Um langfristig zu überleben, müssten sich betroffene Arten deshalb entweder evolutionsbiologisch an die höheren Temperaturen anpassen, was nach jetzigen Erkenntnissen aber zu lange dauern würde, so der Meeresbiologe. Die andere Möglichkeit ist, dass die Fische mit ihrer Fortpflanzung in eine andere Jahreszeit oder an einen anderen Ort ausweichen. „Hier entsteht aber das Problem, dass manche Tiere auf sehr spezielle Bedingungen angewiesen sind. Manche müssen ihre Eier an bestimmten Pflanzen oder auf bestimmtem Untergrund ablegen. Bei anderen Arten sorgen besondere Strömungsverhältnisse dafür, dass der Nachwuchs genug Futter findet. Ob diese ganzen Gegebenheiten in alternativen Gebieten so vorhanden sind, ist nicht sicher.“ Süßwasserfische sind zudem grundsätzlich unflexibler, da sie in Teichen, Seen und Flüssen nicht so leicht unterschiedliche Temperaturen vorfinden.

 Tunfisch im Aquarium
AFP/TOSHIFUMI KITAMURA
Tunfisch in Aquarium

Fischbestände werden sich verändern

Welche Konsequenzen es für andere Tiere und Pflanzen sowie auch für die Menschen hat, wenn zehn bzw. sogar 60 Prozent der untersuchten Fischarten ihre gewohnten Lebensräume verlieren, ist aktuell nicht klar. „Es kommt hier sehr auf die jeweilige Art an und welche Bedeutung sie für das Ökosystem und für den Menschen hat. Das muss man sich in den nächsten Jahren genau ansehen.“ Fest steht aber, dass sich die Zusammensetzung der Arten verändern wird, dass es etwa von einer Art mehr geben wird und andere vielleicht ganz verschwinden werden. Das kann zu einem Ungleichgewicht führen.

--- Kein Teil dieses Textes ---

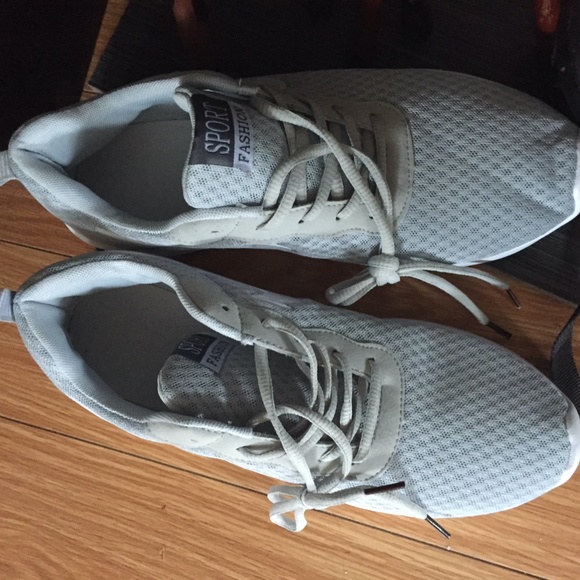 blue sport shoes (new) - Picture 2 of 2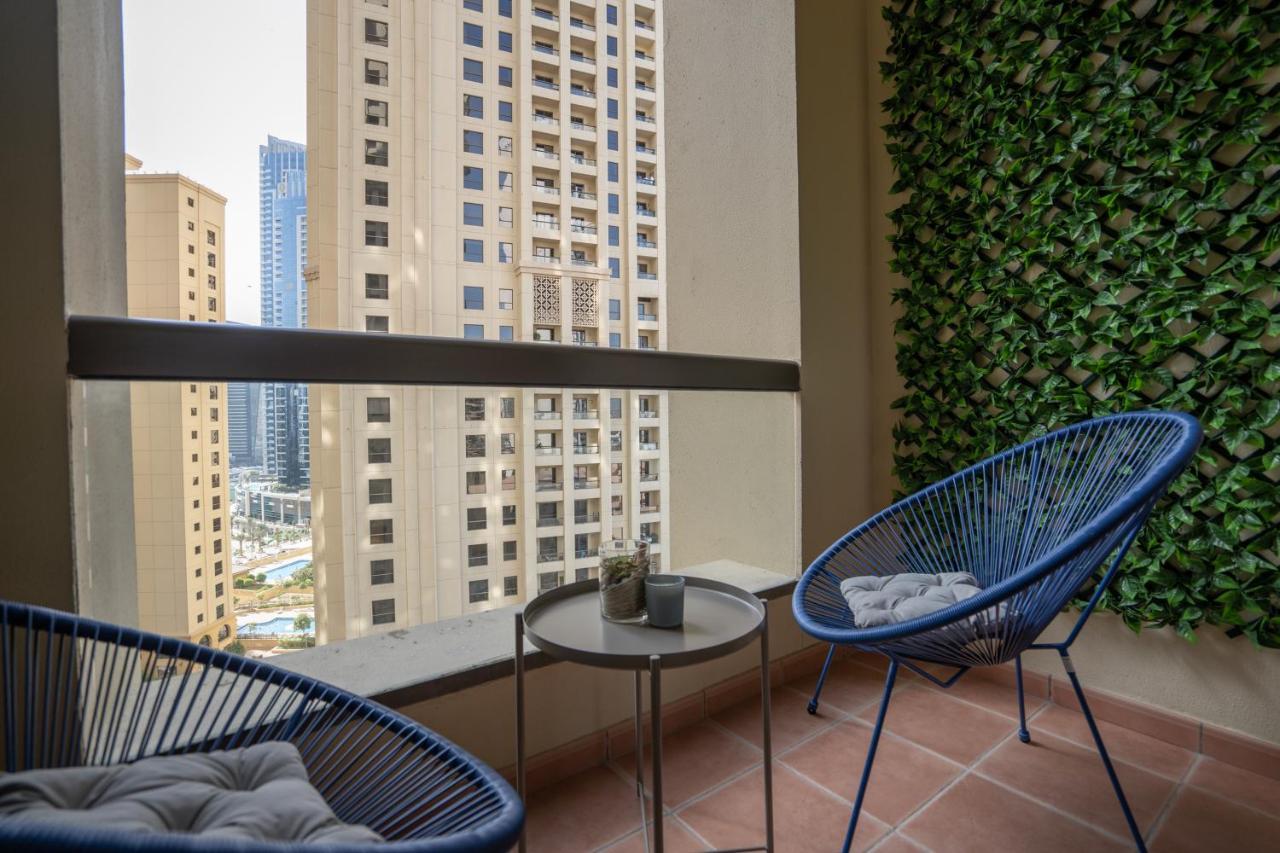 Higuests - Charming Studio With Balcony, Minutes To The Apartment
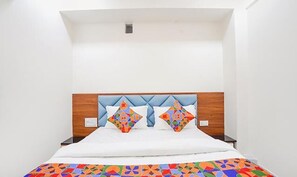 Egyptian cotton sheets, premium bedding, in-room safe, free WiFi - Fabhotel Vishala Inn (Ahmedabad)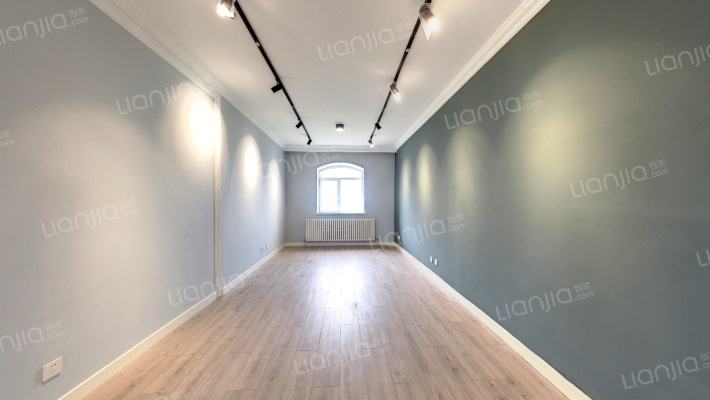 亿达春田晴湾二手房实景图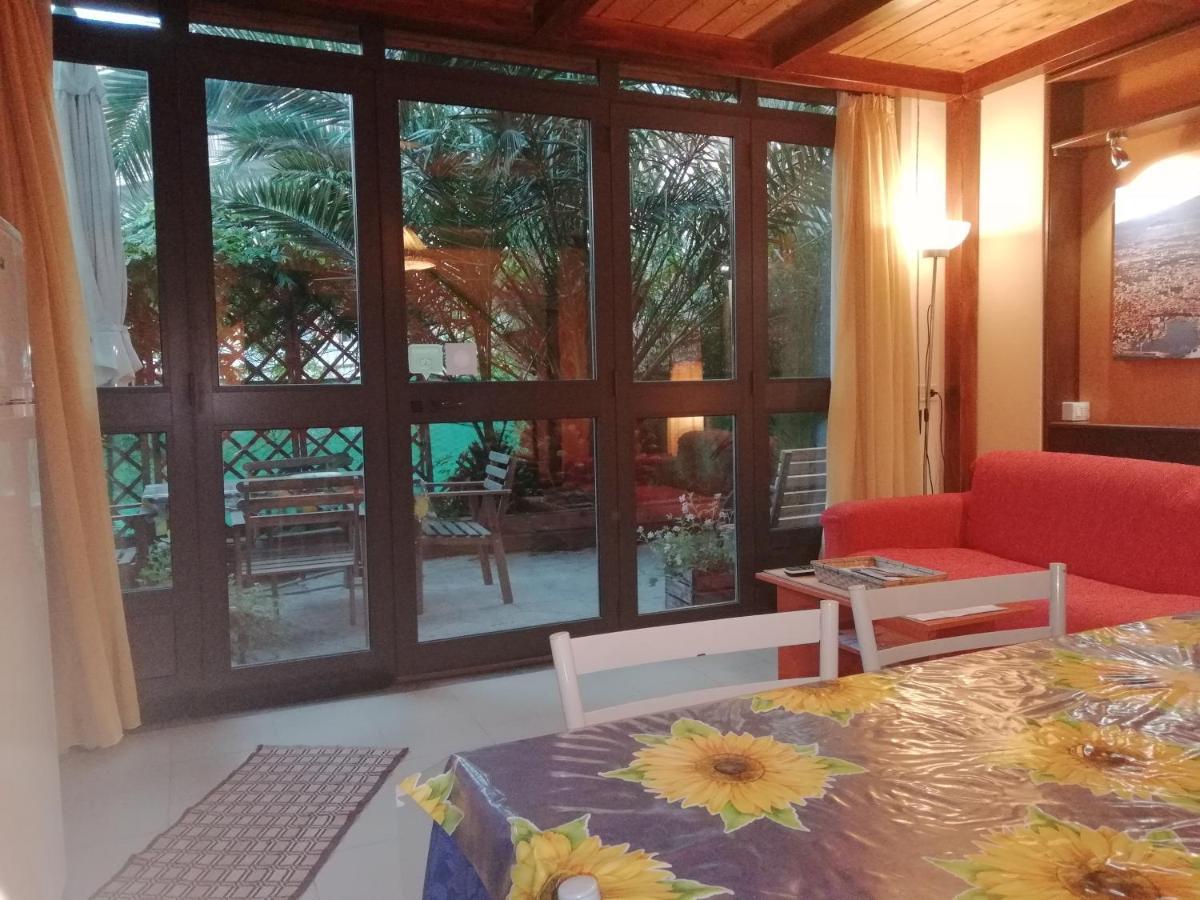 Casa Etna-Mare Lägenhet Santa Venerina Exteriör bild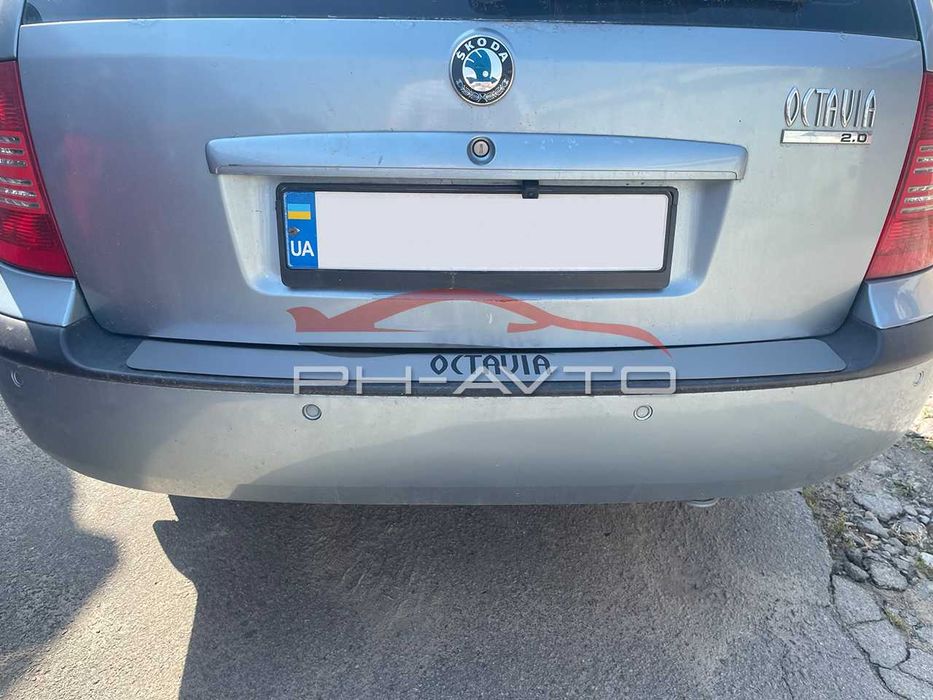 Накладка на задний бампер Skoda Octavia Tour універсал хром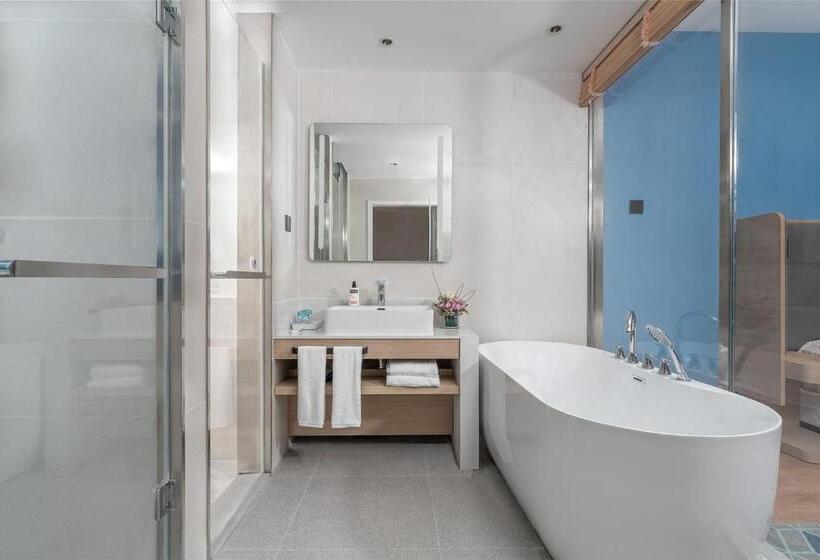 스위트 킹사이즈 침대, Holiday Inn Express Dandong City Center, An Ihg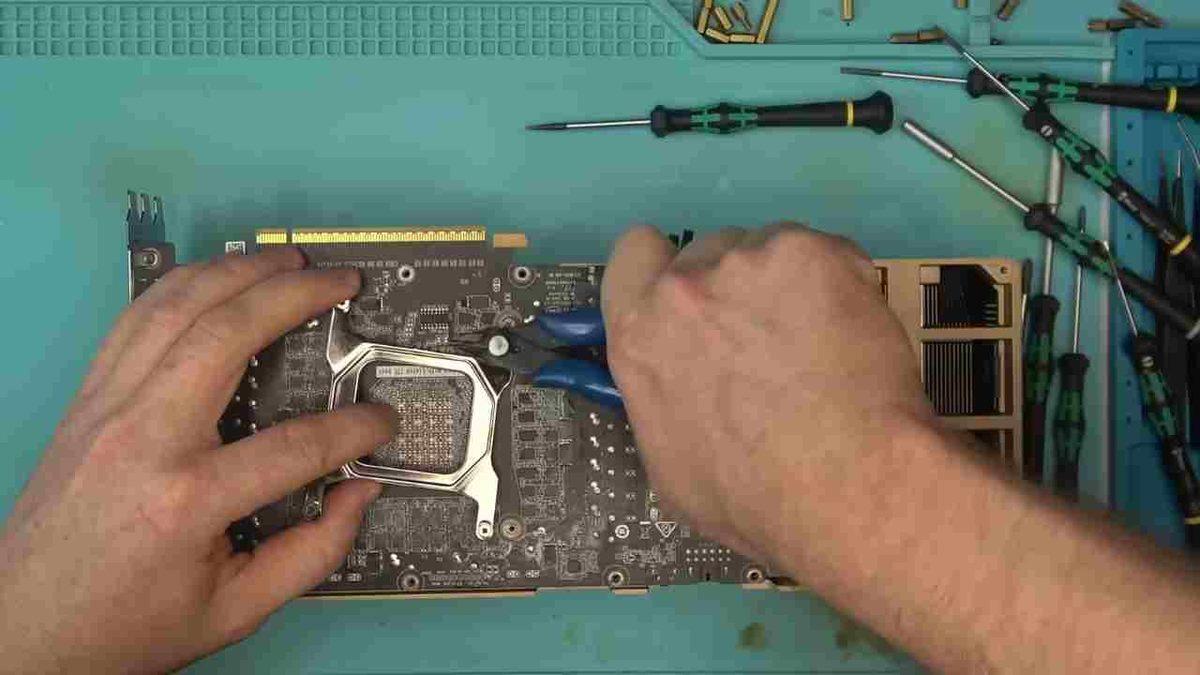 Sahte Ekran Kartı Skandallarına Bir Yenisi Daha Eklendi: Bir Kişi “Ucuza” Aldığı RTX 5090 ile Dolandırıldı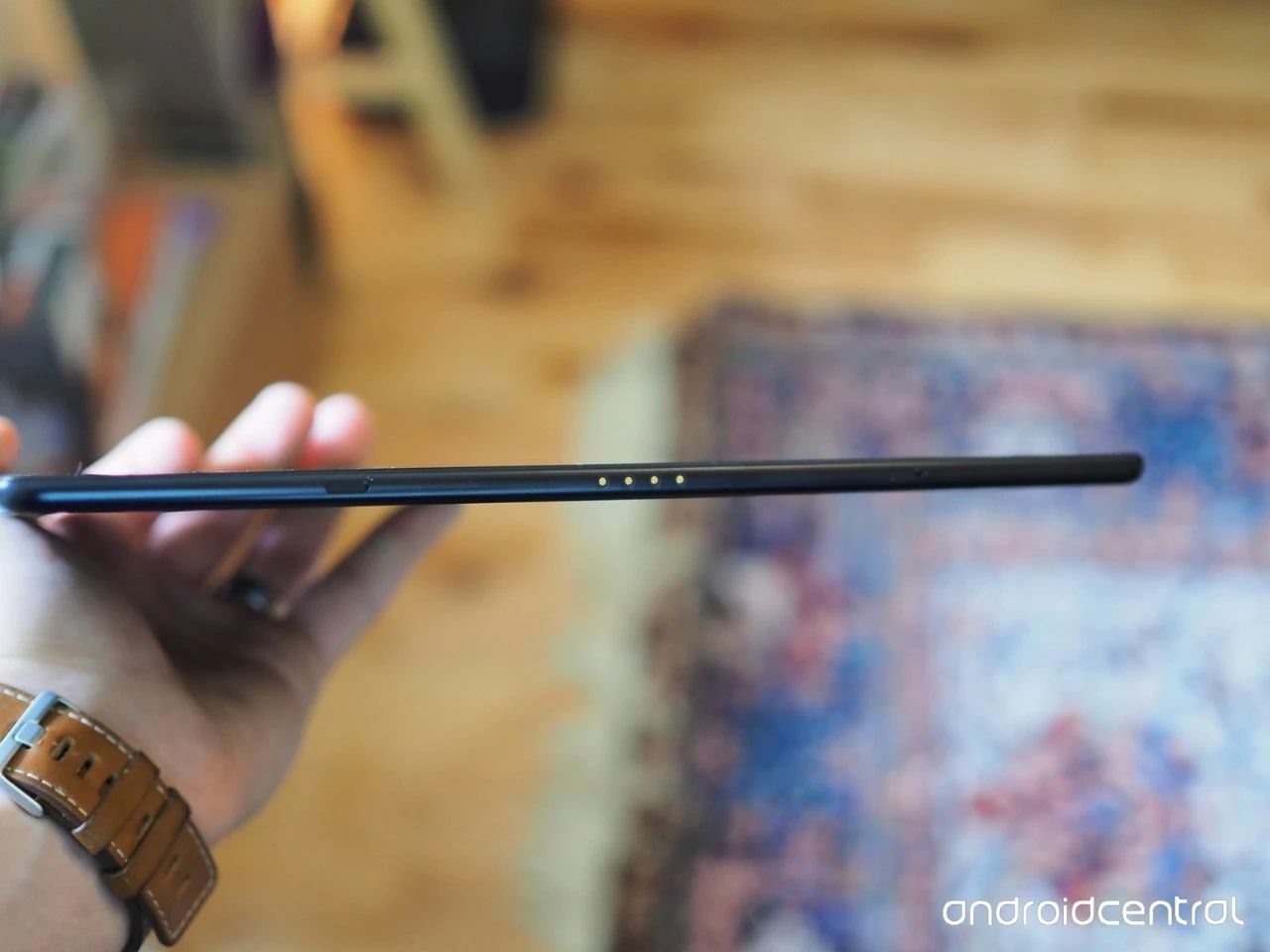 和iPad Pro一较高下，三星Galaxy Tab S4公布详评！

Dahlke weist auch darauf hin, dass die Analyse ausschließlich die Wassertemperatur berücksichtigt. Sauerstoffmangel, Versauerung der Meere oder Umweltverschmutzung sind nicht miteingerechnet. „Unsere Ergebnisse sind daher sicher eher konservativ. Denn es ist durchaus möglich, dass sich all diese Effekte gegenseitig verstärken.“ Der Schutz des Klimas sei deshalb unbedingt notwendig, um die Fischbestände weiterhin so zu erhalten, wie wir sie kennen, betonen die Forscher.